Sharpe y su peor enemigo by Bernard Cornwell

Sharpe y su peor enemigo by Bernard Cornwell

autor:Bernard Cornwell [Cornwell, Bernard]
La lengua: spa
Format: epub
Tags: Novela, Aventuras, Bélico, Histórico
editor: ePubLibre
publicado: 1983-12-31T16:00:00+00:00


Capítulo 14

Sharpe tenía una prioridad, tan sólo una, y corrió hacia el convento agitando los brazos y chillando a grito pelado.

—¡Capitán Gilliland! ¡Capitán Gilliland!

Mientras andaba pesadamente por el camino vio con alivio que los caballos todavía estaban atados a los tirantes de los carros.

—¡Que se muevan! ¡Deprisa!

—¿Señor? —inquirió Gilliland, que venía corriendo desde la puerta del convento.

—¡Que se mueva ese escuadrón! ¡Deprisa! Dentro del castillo. ¡Empuje ese carro a un lado, pero dese prisa! —gritó Sharpe señalando a un carro tirado por un buey que bloqueaba la entrada principal al castillo. Gilliland seguía mirándolo boquiabierto—. ¡Por el amor de Dios, muévase!

Sharpe miró a los artilleros que subían desperdigados por el valle en dirección al pueblo. Se puso las manos en la boca para gritar.

—¡Artilleros!

Los persiguió, los agarró, él mismo hizo que los caballos se volvieran y poco a poco les fue comunicando aquella sensación de premura a los hombres que habían pensado que el día de Navidad sería un día de descanso.

—¡Muévanse, cabrones! ¡Esto no es un funeral! ¡Atícele, hombre! ¡Muévanse!

Sharpe no temía un ataque de la caballería francesa. Suponía que lo que habían visto los hombres desde la torre del homenaje era una avanzadilla de exploradores franceses que había sido enviada a hacer lo que él había hecho la noche anterior: rescatar a los rehenes. Ahora sí cobraban sentido los tres jinetes que habían vislumbrado al amanecer; eran una patrulla que había descubierto que alguien se les había adelantado y sin duda alguna los franceses tenían la intención de recuperar a sus rehenes bajo una bandera de tregua. Pero Sharpe no quería que vieran aquellos extraños carros y la forja portátil del escuadrón de cohetes. Tal vez estuviera en lo cierto y no habría combate o quizás estuviera equivocado. En ese caso los cohetes, ocultos en las cajas especiales que iban en los carros, constituirían la sorpresa que brotaría en aquel valle alto.

—¡Muévanlo!

Aunque los franceses vieran los carros no tendrían ni idea de su utilidad, pero Sharpe no quería arriesgarse. Se darían cuenta de que había algo extraño en el extremo oeste del valle y ese algo les obligaría a ser cautos. El elemento sorpresa desaparecería.
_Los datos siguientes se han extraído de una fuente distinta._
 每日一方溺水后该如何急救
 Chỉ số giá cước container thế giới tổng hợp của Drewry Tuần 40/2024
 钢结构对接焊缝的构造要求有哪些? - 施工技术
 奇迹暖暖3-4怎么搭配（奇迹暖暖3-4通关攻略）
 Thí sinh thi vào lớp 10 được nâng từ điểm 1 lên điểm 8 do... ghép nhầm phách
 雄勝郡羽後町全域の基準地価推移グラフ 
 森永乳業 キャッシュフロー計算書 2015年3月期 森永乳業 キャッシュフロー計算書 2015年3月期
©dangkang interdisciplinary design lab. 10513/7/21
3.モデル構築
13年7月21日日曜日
Sharpe corrió con el primer carro y les gritó a los fusileros.

—¡Despejen esa puerta, deprisa!

Frederickson, el fiel Frederickson, se abrió paso entre los hombres que forcejeaban con el carro.
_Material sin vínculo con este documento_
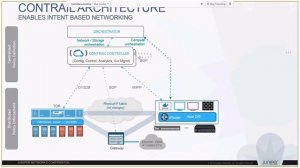 OpenContrail SDN for Kubernetes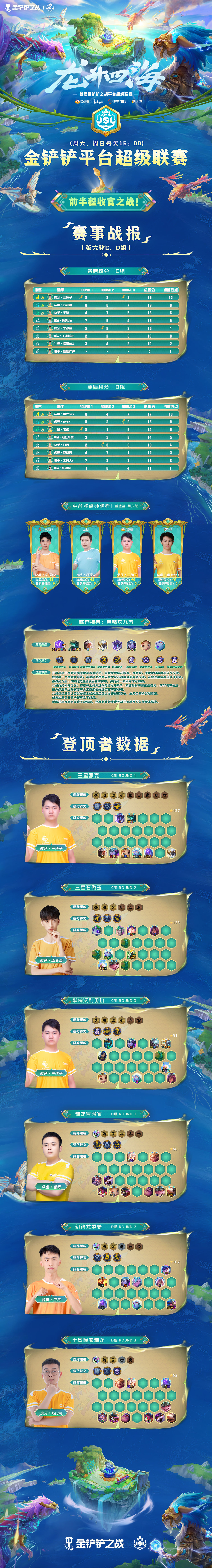 JSL第六轮 C、D组赛事战报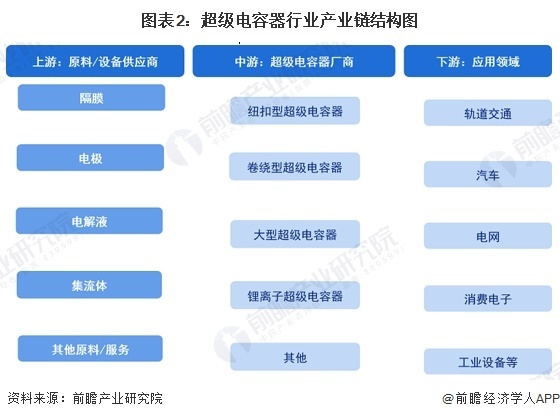 图表2：超等电容器行业产业链结构图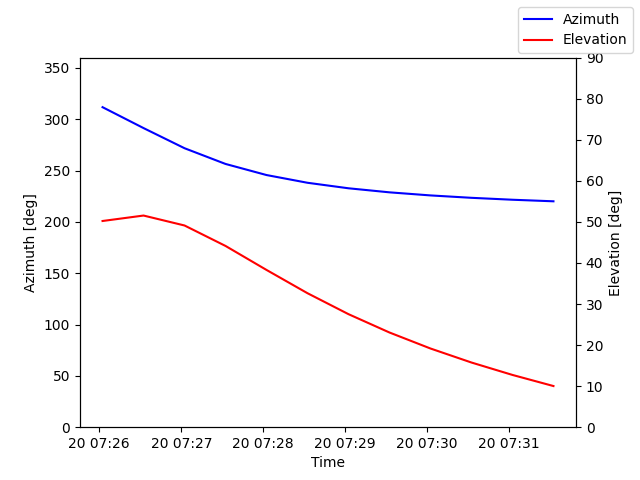 Azimuth/elevation by time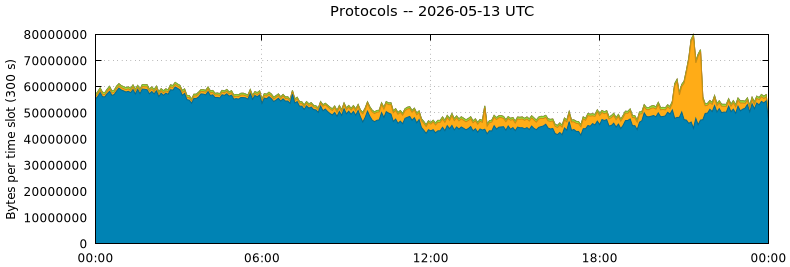 Protocols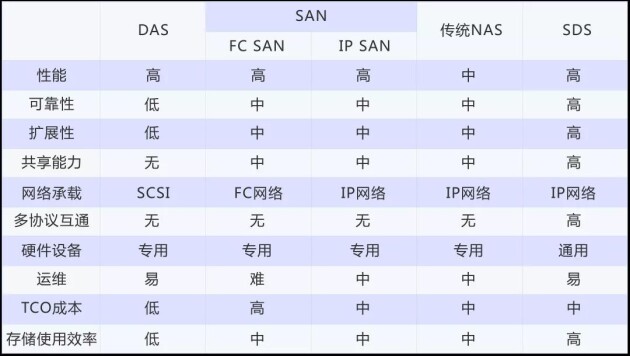 下一代非线性编辑存储首选SDS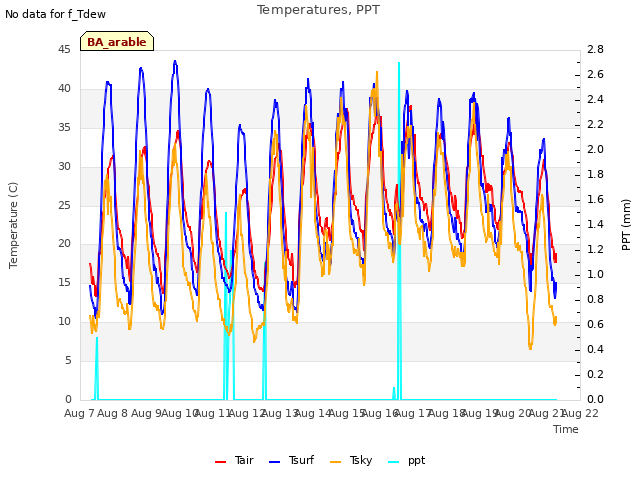 plot of Temperatures, PPT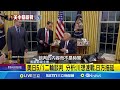 美日貿易談判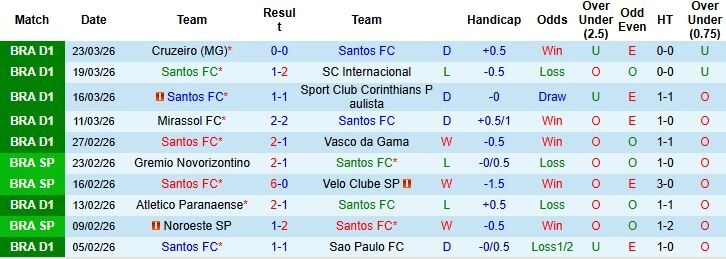Nhận định phong độ Santos: Pháo đài bất khả xâm phạm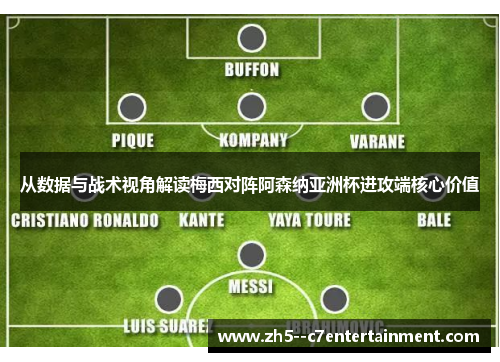 从数据与战术视角解读梅西对阵阿森纳亚洲杯进攻端核心价值 从数据与战术视角解读梅西对阵阿森纳亚洲杯进攻端核心价值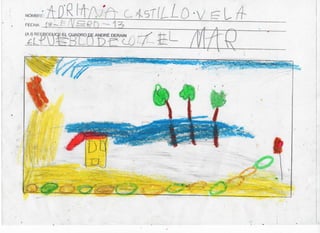 VERSIONES DE CUADROS DE DERAIN: COLLIOURE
—Lanceros, señor. Uniformes verdes, vueltas rojas. Sólo son una docena.

—¿Verde y rojo?

—Guardia Imperial, creo. Alemanes.

Sharpe dirigió la vista hacia el pueblo, pero no vio nada. El fondo del valle descendía más allá de Adrados antes de torcerse hacia la derecha, y girar al sur, y si él no podía verlos ellos no podían ver los extraños carros que finalmente se movían detrás de él y se adentraban en el patio del castillo. Lanceros alemanes. Hombres reclutados de los ducados y pequeños reinos que se habían aliado a Napoleón. Había muchos más alemanes que luchaban contra el emperador que en su bando, pero se parecían en una cosa: luchaban tan bien como cualquier hombre en el campo de batalla.